What the task asks
Look through the entries below and count the lines that contain "Immobilie". Reply with that number only.

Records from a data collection
********

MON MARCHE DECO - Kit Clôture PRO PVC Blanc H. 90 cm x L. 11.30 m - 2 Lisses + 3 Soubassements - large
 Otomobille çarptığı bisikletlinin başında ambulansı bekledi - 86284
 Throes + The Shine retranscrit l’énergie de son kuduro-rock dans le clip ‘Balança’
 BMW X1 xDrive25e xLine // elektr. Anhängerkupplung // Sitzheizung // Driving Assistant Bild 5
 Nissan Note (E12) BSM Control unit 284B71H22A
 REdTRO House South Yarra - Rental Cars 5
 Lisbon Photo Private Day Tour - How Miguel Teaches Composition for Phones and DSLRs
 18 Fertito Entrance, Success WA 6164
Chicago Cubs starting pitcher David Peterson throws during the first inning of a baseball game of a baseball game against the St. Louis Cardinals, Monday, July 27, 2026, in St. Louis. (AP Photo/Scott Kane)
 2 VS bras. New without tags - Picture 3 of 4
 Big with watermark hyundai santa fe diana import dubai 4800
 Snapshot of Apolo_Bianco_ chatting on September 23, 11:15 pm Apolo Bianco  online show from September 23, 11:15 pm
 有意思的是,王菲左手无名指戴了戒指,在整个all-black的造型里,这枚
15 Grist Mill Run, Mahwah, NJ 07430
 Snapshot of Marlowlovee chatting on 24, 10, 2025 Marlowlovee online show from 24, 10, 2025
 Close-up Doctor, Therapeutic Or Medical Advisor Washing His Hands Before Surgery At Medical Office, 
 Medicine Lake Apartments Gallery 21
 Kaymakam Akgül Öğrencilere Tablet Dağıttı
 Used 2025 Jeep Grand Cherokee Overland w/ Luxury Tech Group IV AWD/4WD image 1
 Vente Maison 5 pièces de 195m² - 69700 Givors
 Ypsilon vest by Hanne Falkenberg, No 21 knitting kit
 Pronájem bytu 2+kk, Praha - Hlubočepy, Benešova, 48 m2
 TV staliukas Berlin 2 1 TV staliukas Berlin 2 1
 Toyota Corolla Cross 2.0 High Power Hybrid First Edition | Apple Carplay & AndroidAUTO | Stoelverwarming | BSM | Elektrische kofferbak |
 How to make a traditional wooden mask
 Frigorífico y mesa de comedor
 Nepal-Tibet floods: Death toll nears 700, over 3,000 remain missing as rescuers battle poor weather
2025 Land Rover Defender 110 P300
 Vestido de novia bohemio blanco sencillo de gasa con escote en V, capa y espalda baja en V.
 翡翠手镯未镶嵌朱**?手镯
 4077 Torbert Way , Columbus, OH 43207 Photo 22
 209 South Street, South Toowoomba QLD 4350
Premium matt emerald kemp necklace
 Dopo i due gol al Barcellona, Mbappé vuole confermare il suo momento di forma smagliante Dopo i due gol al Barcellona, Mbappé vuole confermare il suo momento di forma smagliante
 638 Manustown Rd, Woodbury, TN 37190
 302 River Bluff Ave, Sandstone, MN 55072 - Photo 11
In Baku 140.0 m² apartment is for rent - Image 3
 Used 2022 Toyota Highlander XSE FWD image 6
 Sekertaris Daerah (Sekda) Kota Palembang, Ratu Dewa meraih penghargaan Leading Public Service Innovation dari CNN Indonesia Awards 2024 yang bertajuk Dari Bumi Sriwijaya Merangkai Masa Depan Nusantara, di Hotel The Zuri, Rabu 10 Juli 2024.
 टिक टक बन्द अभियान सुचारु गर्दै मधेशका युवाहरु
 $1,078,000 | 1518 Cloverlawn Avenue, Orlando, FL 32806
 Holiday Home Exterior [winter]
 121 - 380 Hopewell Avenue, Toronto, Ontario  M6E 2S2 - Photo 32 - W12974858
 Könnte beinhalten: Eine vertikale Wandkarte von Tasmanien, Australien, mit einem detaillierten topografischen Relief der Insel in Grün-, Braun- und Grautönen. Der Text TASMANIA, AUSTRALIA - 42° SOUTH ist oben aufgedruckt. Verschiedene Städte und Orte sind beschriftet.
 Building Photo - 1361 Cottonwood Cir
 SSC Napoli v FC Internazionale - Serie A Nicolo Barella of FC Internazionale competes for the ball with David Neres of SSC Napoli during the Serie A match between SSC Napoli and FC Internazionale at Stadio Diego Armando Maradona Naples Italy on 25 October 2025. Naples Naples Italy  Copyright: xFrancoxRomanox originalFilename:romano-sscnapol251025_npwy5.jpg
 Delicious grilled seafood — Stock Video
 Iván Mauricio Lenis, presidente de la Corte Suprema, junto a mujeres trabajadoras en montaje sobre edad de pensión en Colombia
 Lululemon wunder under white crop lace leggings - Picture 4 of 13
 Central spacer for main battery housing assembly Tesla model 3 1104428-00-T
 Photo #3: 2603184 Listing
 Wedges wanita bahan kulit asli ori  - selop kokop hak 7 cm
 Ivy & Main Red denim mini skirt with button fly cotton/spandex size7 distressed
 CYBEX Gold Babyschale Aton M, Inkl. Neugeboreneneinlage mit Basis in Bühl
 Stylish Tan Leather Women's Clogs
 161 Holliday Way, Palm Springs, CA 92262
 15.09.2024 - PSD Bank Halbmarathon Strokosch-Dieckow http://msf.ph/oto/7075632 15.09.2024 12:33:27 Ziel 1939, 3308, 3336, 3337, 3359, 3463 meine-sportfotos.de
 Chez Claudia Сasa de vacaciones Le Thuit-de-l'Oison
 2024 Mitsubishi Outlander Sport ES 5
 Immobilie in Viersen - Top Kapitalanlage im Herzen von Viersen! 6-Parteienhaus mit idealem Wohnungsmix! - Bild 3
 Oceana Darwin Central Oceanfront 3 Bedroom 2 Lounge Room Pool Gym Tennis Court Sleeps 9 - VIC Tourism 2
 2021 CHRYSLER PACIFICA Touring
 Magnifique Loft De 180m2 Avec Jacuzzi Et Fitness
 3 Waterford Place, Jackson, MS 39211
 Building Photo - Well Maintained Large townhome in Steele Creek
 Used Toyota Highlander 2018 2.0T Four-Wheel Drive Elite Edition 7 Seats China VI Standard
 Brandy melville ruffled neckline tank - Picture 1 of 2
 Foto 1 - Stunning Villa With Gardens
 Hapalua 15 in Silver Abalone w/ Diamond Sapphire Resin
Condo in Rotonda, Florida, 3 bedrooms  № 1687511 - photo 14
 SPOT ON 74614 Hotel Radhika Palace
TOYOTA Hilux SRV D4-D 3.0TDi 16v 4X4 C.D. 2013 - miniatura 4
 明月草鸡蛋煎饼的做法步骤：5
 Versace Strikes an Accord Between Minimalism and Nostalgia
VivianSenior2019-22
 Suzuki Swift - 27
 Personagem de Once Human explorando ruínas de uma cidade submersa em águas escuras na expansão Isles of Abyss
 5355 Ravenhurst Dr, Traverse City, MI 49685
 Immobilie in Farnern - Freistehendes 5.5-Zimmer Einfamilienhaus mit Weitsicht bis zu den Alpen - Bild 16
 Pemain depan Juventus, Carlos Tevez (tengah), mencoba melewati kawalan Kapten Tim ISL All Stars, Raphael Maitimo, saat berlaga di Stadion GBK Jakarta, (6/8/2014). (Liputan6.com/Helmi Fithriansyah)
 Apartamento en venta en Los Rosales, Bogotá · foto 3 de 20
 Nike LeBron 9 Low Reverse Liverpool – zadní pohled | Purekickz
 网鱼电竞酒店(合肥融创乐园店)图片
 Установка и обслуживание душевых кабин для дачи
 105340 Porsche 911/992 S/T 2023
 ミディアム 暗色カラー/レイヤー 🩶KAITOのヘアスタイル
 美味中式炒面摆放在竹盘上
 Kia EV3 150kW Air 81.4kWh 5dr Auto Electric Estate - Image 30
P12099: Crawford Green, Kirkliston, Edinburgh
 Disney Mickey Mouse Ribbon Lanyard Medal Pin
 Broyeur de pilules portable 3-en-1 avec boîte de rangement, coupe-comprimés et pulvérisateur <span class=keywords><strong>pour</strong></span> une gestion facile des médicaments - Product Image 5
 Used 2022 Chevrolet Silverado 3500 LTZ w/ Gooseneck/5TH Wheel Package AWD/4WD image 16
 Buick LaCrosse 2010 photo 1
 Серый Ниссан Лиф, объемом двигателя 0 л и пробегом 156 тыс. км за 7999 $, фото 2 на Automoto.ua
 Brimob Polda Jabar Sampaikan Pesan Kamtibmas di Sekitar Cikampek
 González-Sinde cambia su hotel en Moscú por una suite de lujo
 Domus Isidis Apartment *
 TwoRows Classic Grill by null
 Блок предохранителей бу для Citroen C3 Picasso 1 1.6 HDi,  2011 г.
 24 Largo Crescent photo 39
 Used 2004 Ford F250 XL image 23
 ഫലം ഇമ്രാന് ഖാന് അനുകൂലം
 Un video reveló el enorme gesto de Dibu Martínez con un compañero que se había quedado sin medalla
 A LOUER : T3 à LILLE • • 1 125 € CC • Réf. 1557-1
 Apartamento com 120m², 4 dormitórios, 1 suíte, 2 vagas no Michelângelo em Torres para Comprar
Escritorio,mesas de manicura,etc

********

Result
2